[Short text fragments from websites]
::::

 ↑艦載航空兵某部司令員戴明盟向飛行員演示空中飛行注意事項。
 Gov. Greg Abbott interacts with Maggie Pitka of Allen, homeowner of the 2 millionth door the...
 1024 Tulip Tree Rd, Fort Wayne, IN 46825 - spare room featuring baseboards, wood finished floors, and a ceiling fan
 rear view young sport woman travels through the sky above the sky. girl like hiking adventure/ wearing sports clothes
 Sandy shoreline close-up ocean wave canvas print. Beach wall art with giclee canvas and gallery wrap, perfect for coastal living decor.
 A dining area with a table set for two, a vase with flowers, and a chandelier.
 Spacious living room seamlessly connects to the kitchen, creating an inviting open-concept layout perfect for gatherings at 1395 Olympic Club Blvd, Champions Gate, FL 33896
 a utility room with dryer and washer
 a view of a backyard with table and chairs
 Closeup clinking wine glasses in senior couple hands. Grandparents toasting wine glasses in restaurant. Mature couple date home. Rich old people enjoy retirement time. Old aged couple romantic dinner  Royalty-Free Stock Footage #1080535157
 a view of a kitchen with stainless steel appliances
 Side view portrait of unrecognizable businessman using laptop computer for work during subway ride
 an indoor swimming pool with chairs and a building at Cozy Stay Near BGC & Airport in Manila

::::

Up to and including the line with "Spacious living room", output every line of the records above exactly, starting from the first; output nothing else.

 ↑艦載航空兵某部司令員戴明盟向飛行員演示空中飛行注意事項。
 Gov. Greg Abbott interacts with Maggie Pitka of Allen, homeowner of the 2 millionth door the...
 1024 Tulip Tree Rd, Fort Wayne, IN 46825 - spare room featuring baseboards, wood finished floors, and a ceiling fan
 rear view young sport woman travels through the sky above the sky. girl like hiking adventure/ wearing sports clothes
 Sandy shoreline close-up ocean wave canvas print. Beach wall art with giclee canvas and gallery wrap, perfect for coastal living decor.
 A dining area with a table set for two, a vase with flowers, and a chandelier.
 Spacious living room seamlessly connects to the kitchen, creating an inviting open-concept layout perfect for gatherings at 1395 Olympic Club Blvd, Champions Gate, FL 33896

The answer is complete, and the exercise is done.